Wigger also highlights the importance of intinerant (travelling) preachers for his system. Interestingly, maintaing this system was also one of the major challenges of Asbury’s career. He fought to maintain it; however, because he was convinced of its significance for the success of American Methodism.
A “less obvious, but equally important” part of Asbury’s systemt was the “necessity of a culture of discipline.” Here, the early Methodist class meeting is discussed, including Asbury’s continuation of the requirement that in order to be a member one had to participate in a weekly class meeting.
Finally, Asbury realized his own limitations and delegated authority to others. He did this at a variety of levels, the most visible being traveling preachers and class leaders.
Asbury was an effective communicator because he instilled a culture of discipline in Methodism that allowed for a sense of cohesiveness throughout a rapidly growing church, and also ensured that membership in the newly constituted Methodist Episcopal Church actually meant something.
Would this characteristic be significant for contemporary church leadership?

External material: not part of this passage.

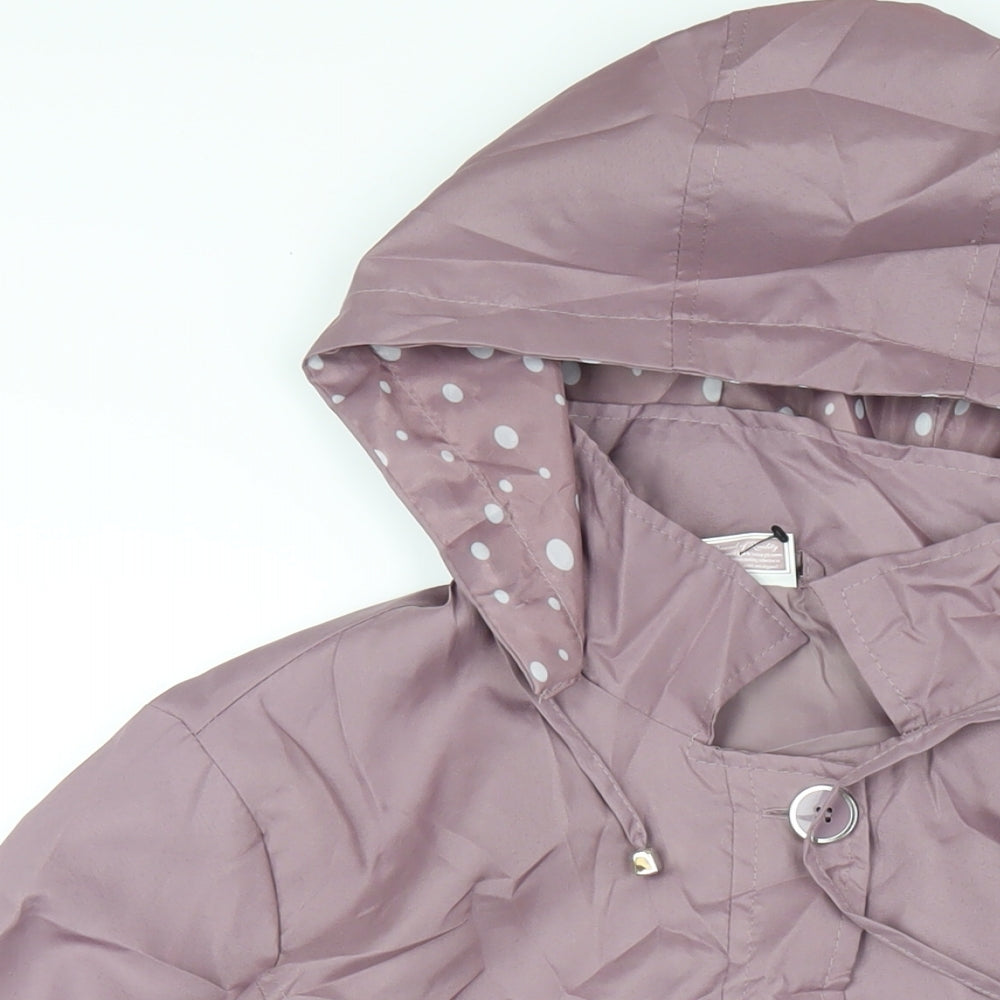 Anne De Lancay Womens Purple Rain Coat Coat Size 14 Button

Absolutely! In fact, of the four traits that Wigger identifies, I think this might be the most pressing need in twenty-first century American Christianity.
United Methodism puts a significant amount of time, energy, and resources into administrative functions and details. When I was the pastor of a local church, for example, I remember being almost overwhelmed by the number of reports I had to submit throughout the year. This was sometimes a frustrating experience because the reason for the reports was not always explained to me, and it wasn’t usually inherently obvious.
Contemporary United Methodism also has an array of boards and agencies that engage a wide variety of aspects of Christian ministry.
Outwardly, when one compares the structures of Asbury’s Methodism and the structures of contemporary United Methodism, there is quite a bit that looks similar. There is, however, one major change. The purpose of Asbury’s administrative work was to keep the Methodism movement going in the same direction, to cause there to be a recognizable unity among the “people called Methodists.” Oversight in early American Methodism played an important function because there was clarity about what the goals of Methodism (individually: justification by faith in Christ, the new birth, followed by holiness of heart and life; corporately: spreading scriptural holiness). In the contemporary context, I fear we have kept a passion for counting attendance, members, etc., without the common sense of purpose that originally made these things valuable.
My sense is that this aspect of Asbury’s leadership style would be most easily appropriated by local church pastors. At the level of the local church, someone can cast vision, delegate authority and responsibilities, and articulate expectations for those involved in the life of the church (and hold people accountable for meeting those expectations).
So what do you think? Is being an excellent organizer and administrator important for leaders in the church today? If so, how have you seen this done well? And, since this post concludes this series, what quality or characteristic would you add to being an effective communicator that Wigger did not discuss?
Going from preachin’ to meddlin’: In your own sphere of influence, do you pay attention to the details of how an idea can actually come to reality? Does your church hold members accountable for keeping their membership vows in any meaningful way? If not, what are the implications of people making promises to God in the presence of the entire church and not keeping them?